The Washington Post

LaserShip looks to expand to the midwest


Josh Dinneen, senior vice president of LaserShip. The company plans to expand its same-day and next-day delivery service to the Midwest by next year. (Jeffrey MacMillan/For Capital Business)

There’s no doubt about it, says Josh Dinneen: More Americans want packages delivered as quickly as possible.

The growing appetite for same- and next-day delivery, popularized by services such as Amazon Prime, has been good for Vienna-based LaserShip, where Dinneen is senior vice president of commercial strategy.

The company, which specializes in what is called “last-mile deliveries” along the East Coast, is looking to expand to the Midwest by early 2015.

“We’re going for speed,” Dinneen said. “We’re not picking up packages in Seattle and bringing them over to D.C. We’re typically staying within the time zone, and we’re able to do things faster than national competitors in many cases.”

The company was founded in 1986 as a document delivery service. These days, a network of trucks transports items — most commonly online purchases, but also items such as office supplies, medical equipment and wholesale pharmaceuticals — to different parts of the region. An online order that is fulfilled in Boston, for example, might be picked up by LaserShip and delivered to a home in Washington.

“We started as a local point-to-point service, and today we’re delivering hundreds of thousands of packages a day to consumers across the East Coast,” Dinneen said. “It’s been a very dynamic change for us.

LaserShip has continue to spread on the East Coast. Last month, the company begin delivering to New Hampshire, Rhode Island, West Virginia and Delaware, expanding its service area by 44 percent and reaching an additional 8.5 million customers.

Dinneen would not disclose revenue or profit figures, but said the company’s annual revenue grew by double digits last year. The e-commerce delivery business, the largest part of the company’s business, grew more than 30 percent in 2013.

Even so, the regional shipping industry comprises a small fraction of the $32 billion ground transportation industry. Last year, for example, regional shippers brought in a total of about $650 million in annual revenue, according to SJ Consulting Group, a transportation and logistics research firm.
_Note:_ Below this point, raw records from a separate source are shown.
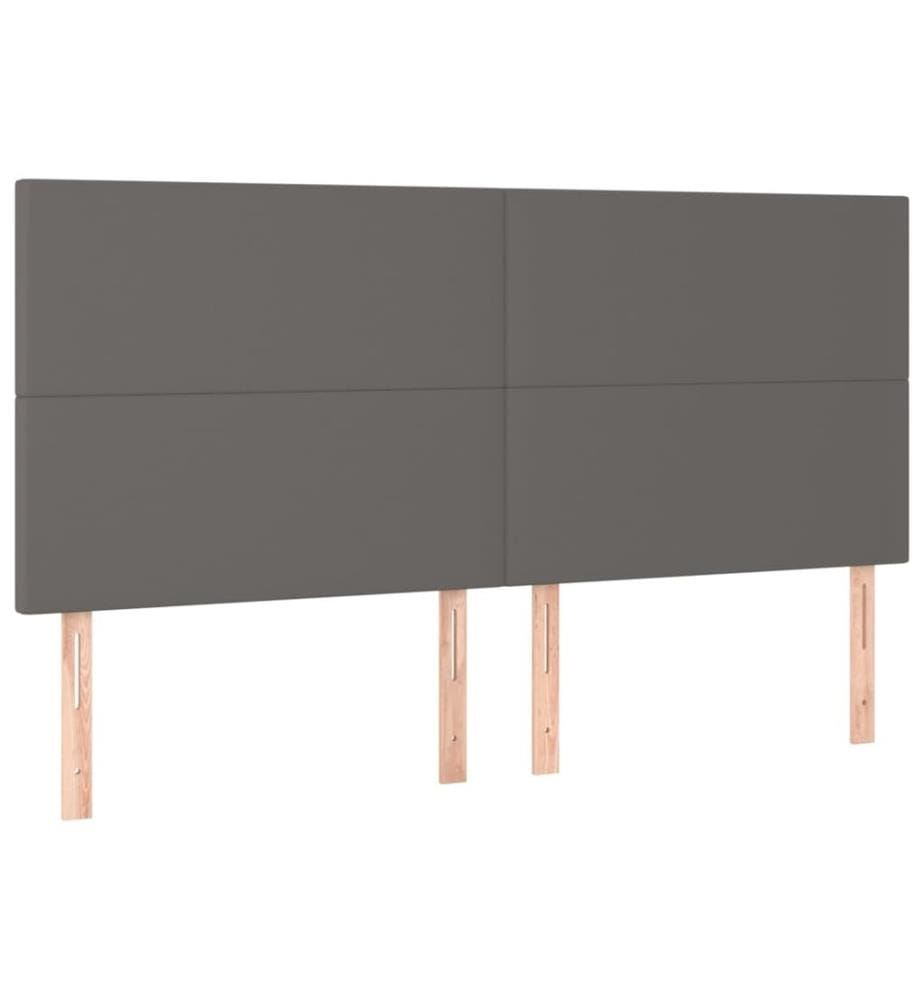 Boxspringbett mit Matratze Grau 180x200 cm Kunstleder
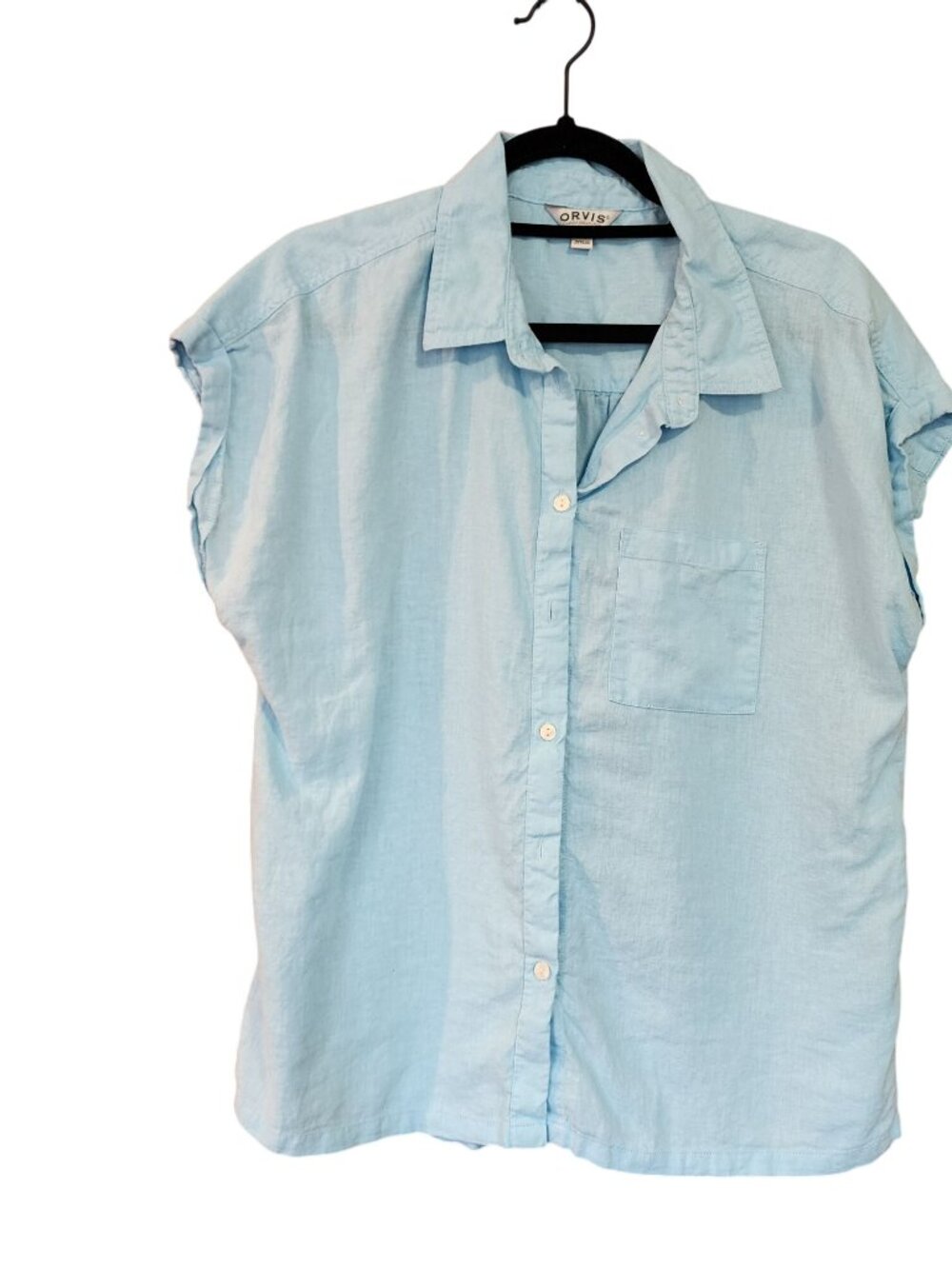 Orvis Cap Sleeved Button Up Linen Blend Blouse Shirt Womens Size L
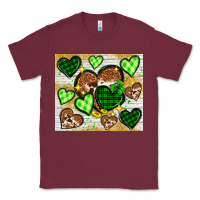 Burgundy St. Patrick's Day hearts tumbler Classic Tee - Neo Western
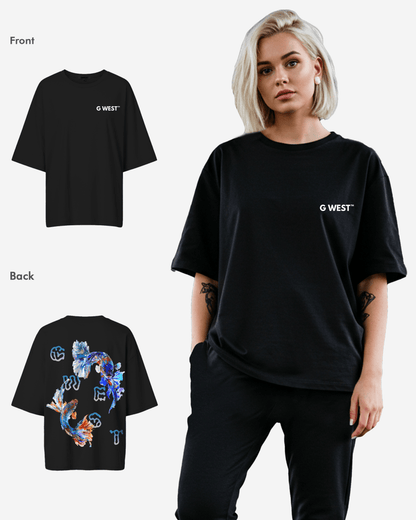G West Womens Oversized Fish Lifestyle T Shirt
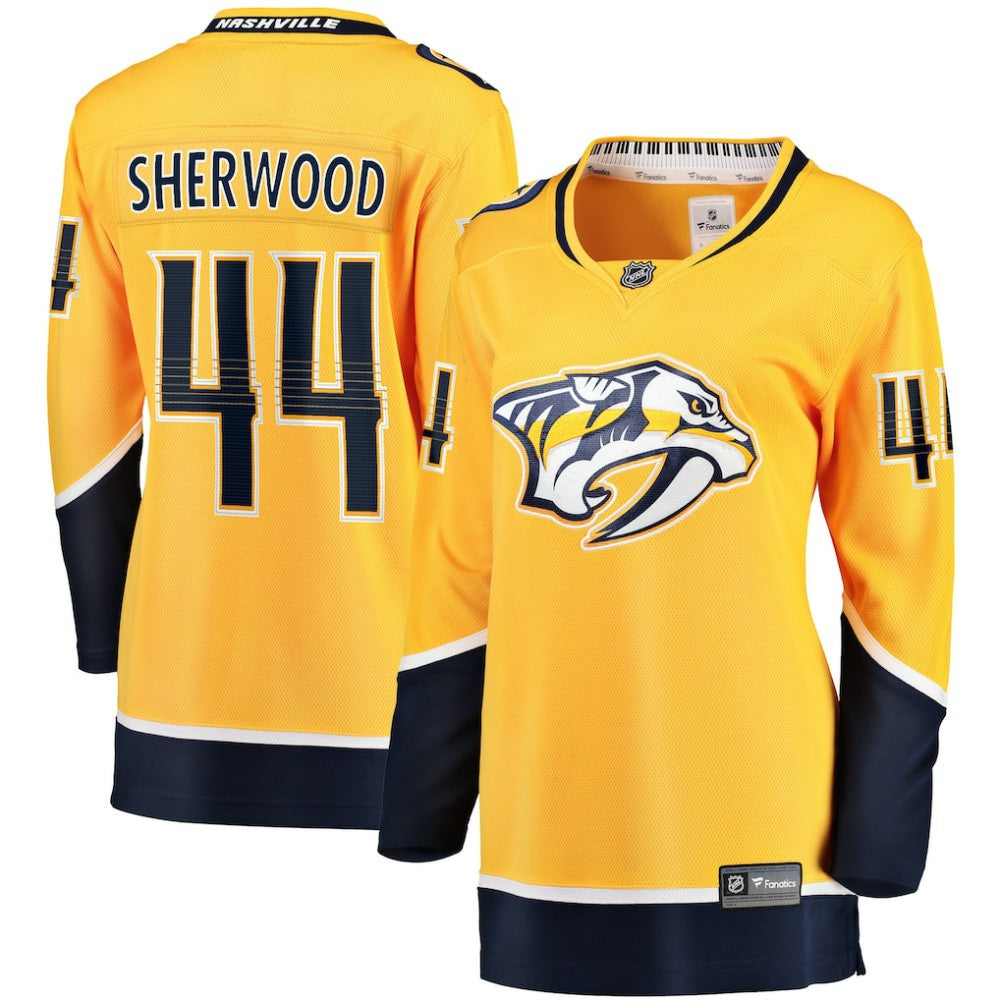 NHL Kiefer Sherwood Nashville Predators Fanatics Women's Home Breakaway Player Jersey
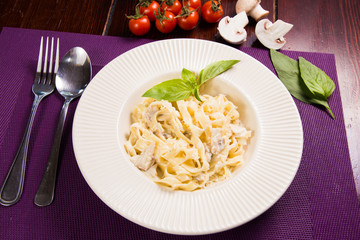 farfalle with mushrooms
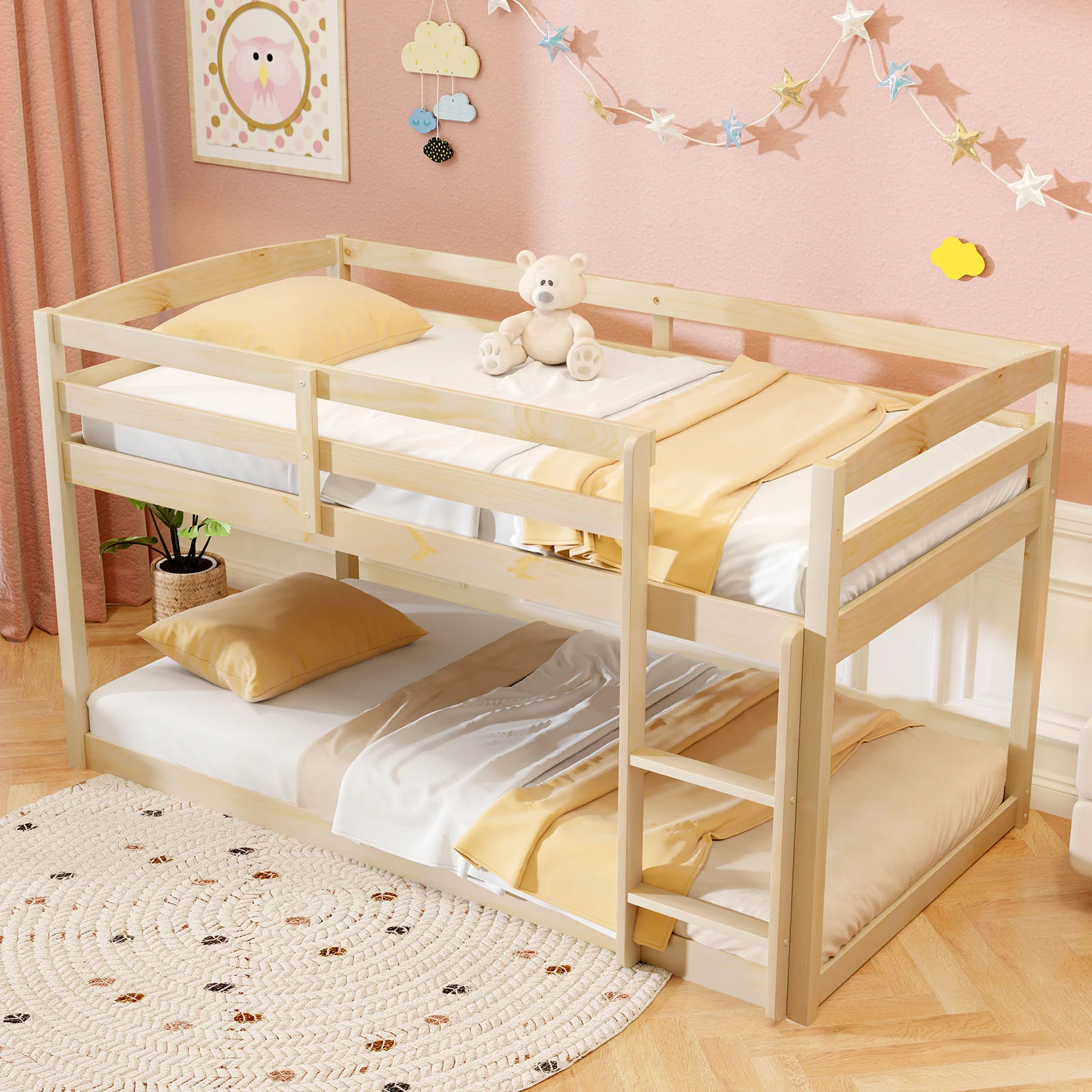 Twin Size Bunk Bed with High Guardrails and Integrated Ladder - Image 18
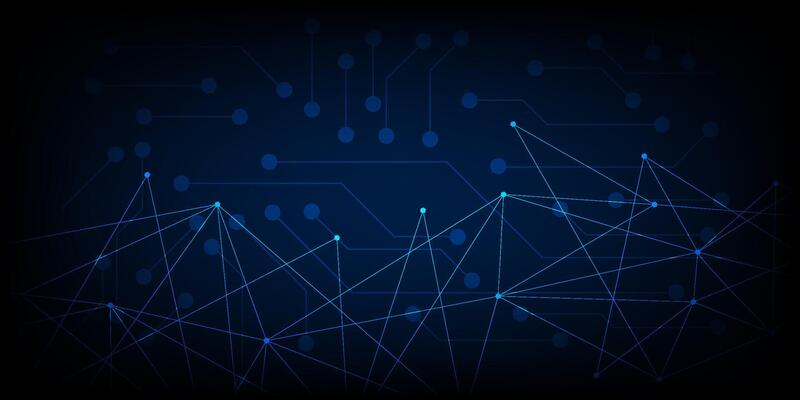 Connected polygons plexus background, digital data visualization. ill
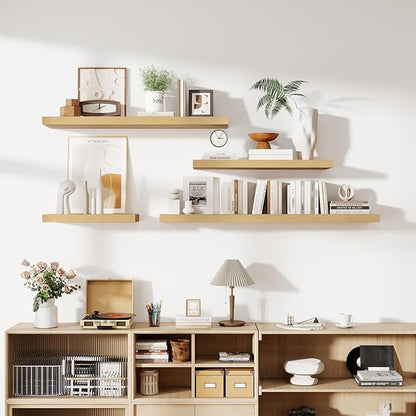 36 Inch Floating Shelves, 12 Inch Deep Floating Shelves for Wall, Floating Shelf with Invisible Brackets, Deep Shelves for Bathroom, Bedroom, Living Room, 2 Pack, Natural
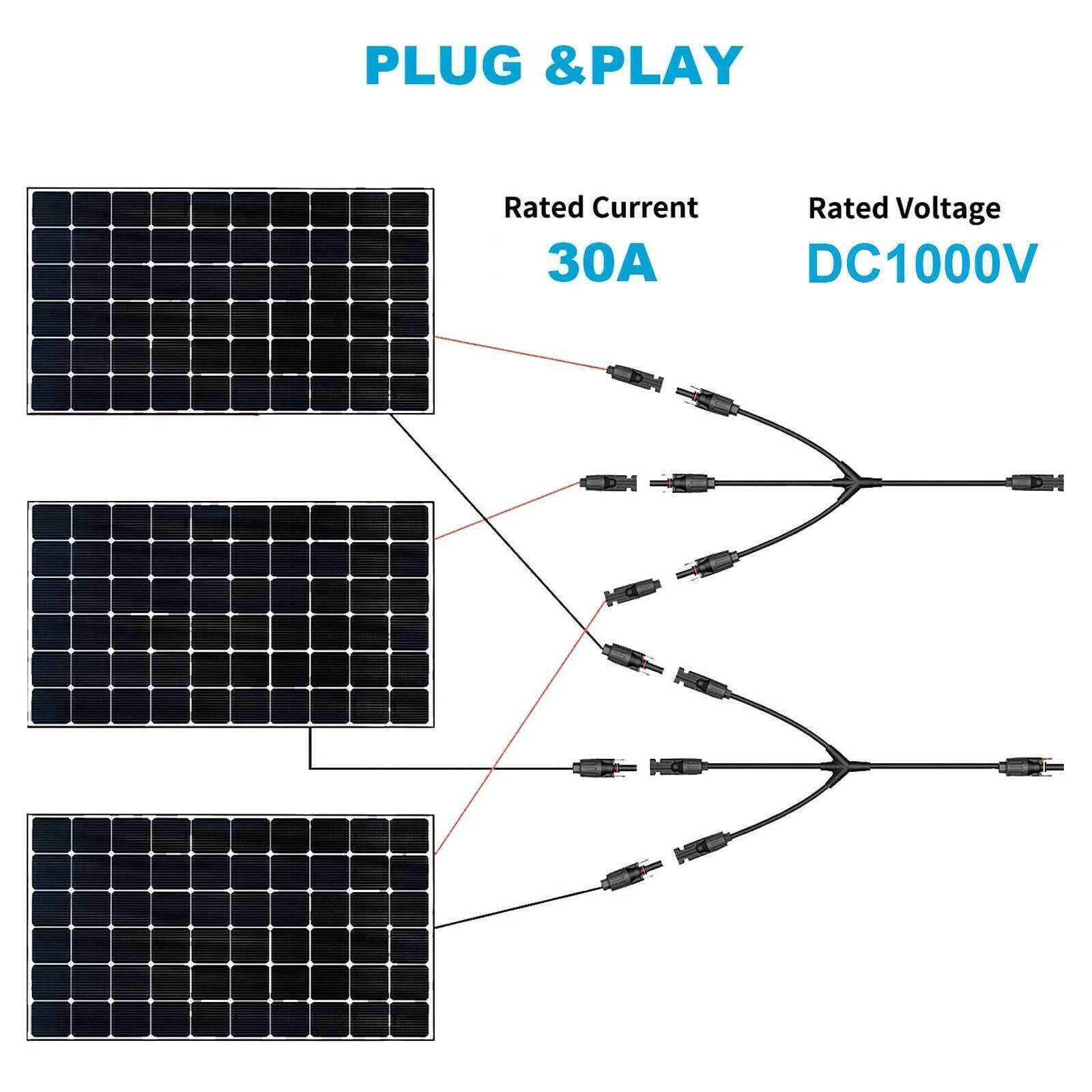 Solar Panel Y Branch Cable Connection Waterproof Adapter Connector Extension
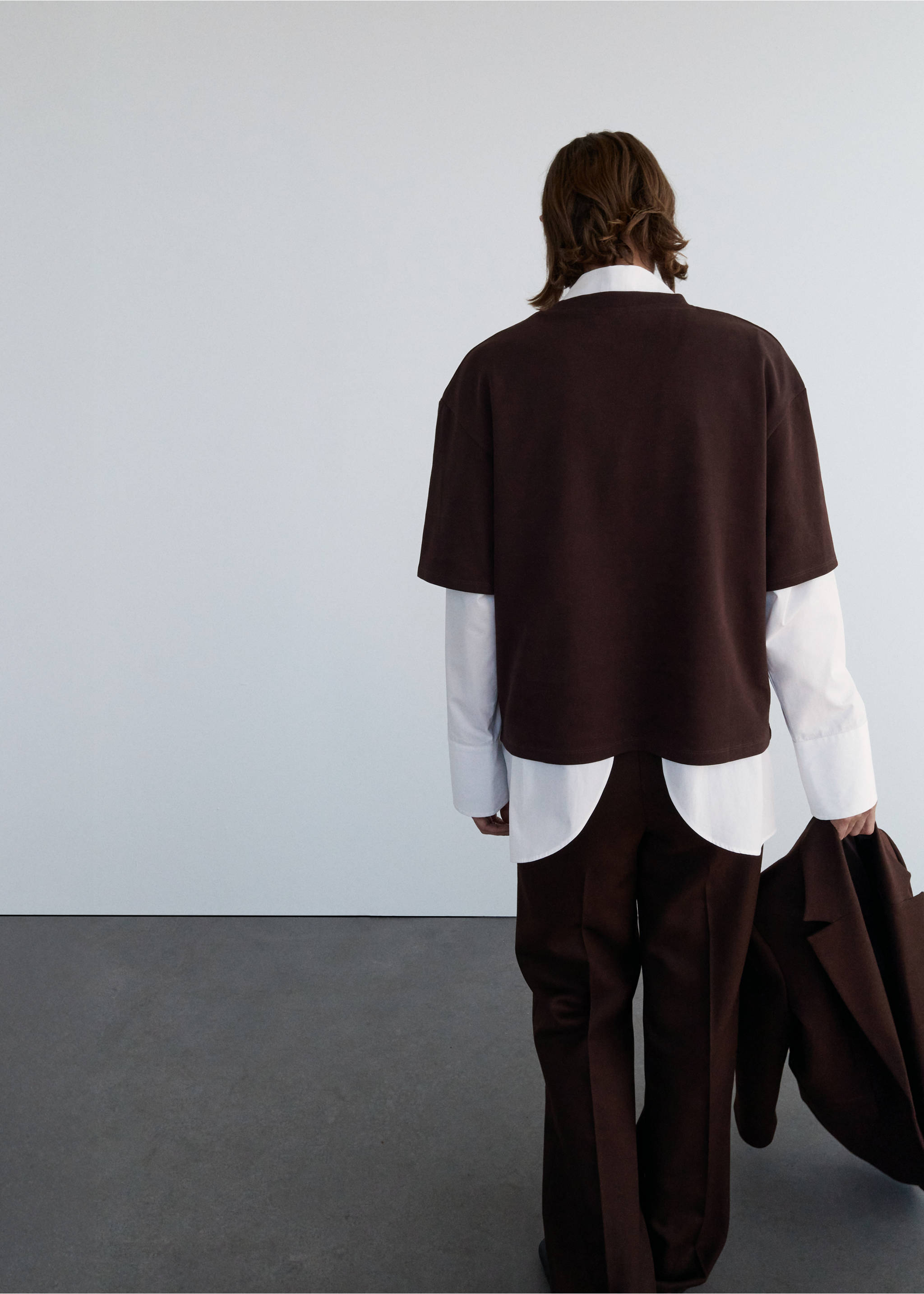 Oversized cotton t-shirt - Reverse of the article, Brown. Ref: 17076358-00.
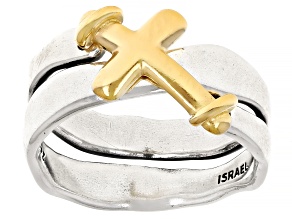 Two Tone Sterling Silver & 14K Gold Over Silver Cross Ring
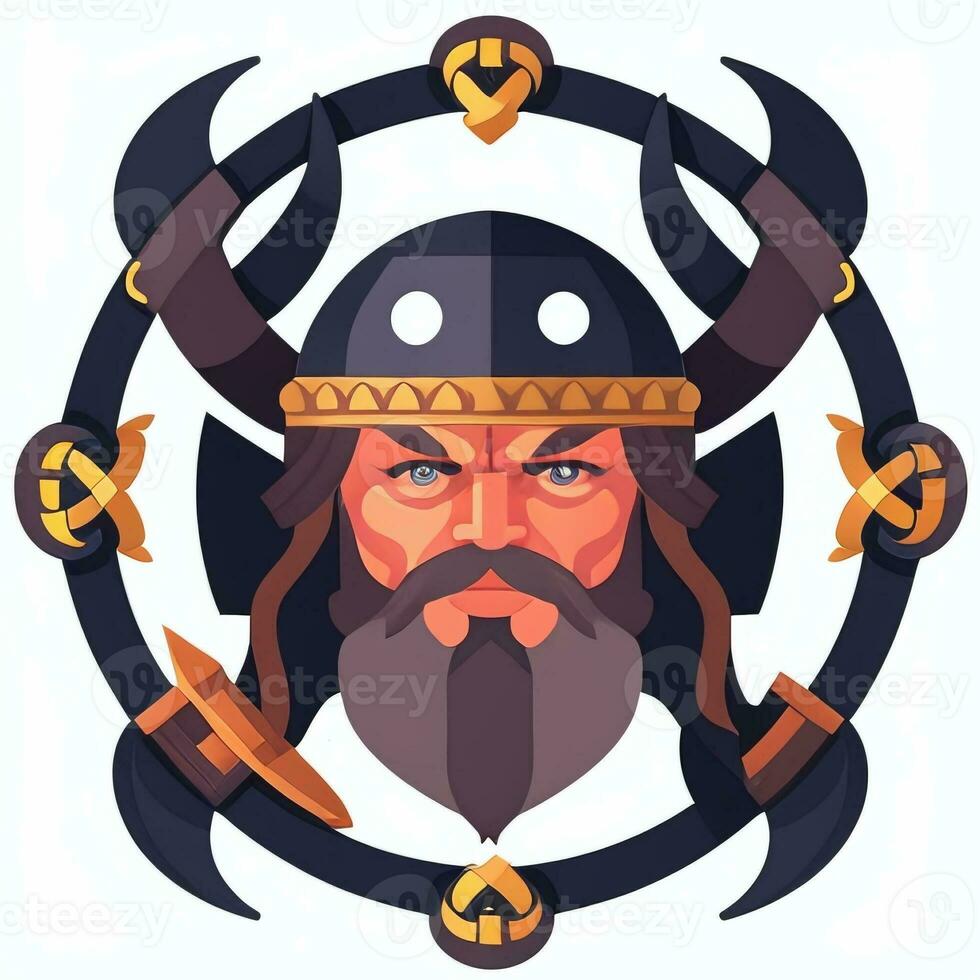 AI generated Viking Gamer Logo Avatar Clip Art Icon Sticker Decoration Simple Background photo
LaserShip landed in the small parcel business in the late 1990s during the dot-com boom. In 1999, the company partnered with Barnes & Noble to provide same-day shipping services in New York City.

Today, LaserShip counts Amazon.com, Office Depot and Staples among its clients. (The Washington Post, including Capital Business, is owned by Amazon.com founder Jeffrey P. Bezos.)

“Anybody who is an online retailer is either a customer or a target customer for us,” Dinneen said.

While business-to-consumer services make up the bulk of LaserShip’s business, the company also provides global deliveries of items such as donor organs, tissues and blood through a facility in Chantilly, Dinneen said. The company partners with a number of national air carriers, including American Airlines and Southwest Airlines, to coordinate deliveries.

“Sometimes a hospital in California will say, ‘We need that tissue tonight,’” Dinneen said. “That kind of service has to be immediate. If it means chartering a jet, that’s what we’ll do.”

The company has more than 1,000 employees, not including delivery personnel, and reaches an estimated 70 million customers along the East Coast, Dinneen said.d

Last summer, LaserShip expanded service to North Carolina and parts of Florida with the opening of new facilities in Jacksonville, Orlando and Charlotte.

“There is increasing demand for regional service,” Dinneen said. “We are filling a niche.”

Abha Bhattarai is a business reporter for The Washington Post. She has previously written for The New York Times, The Wall Street Journal, Reuters and the St. Petersburg Times.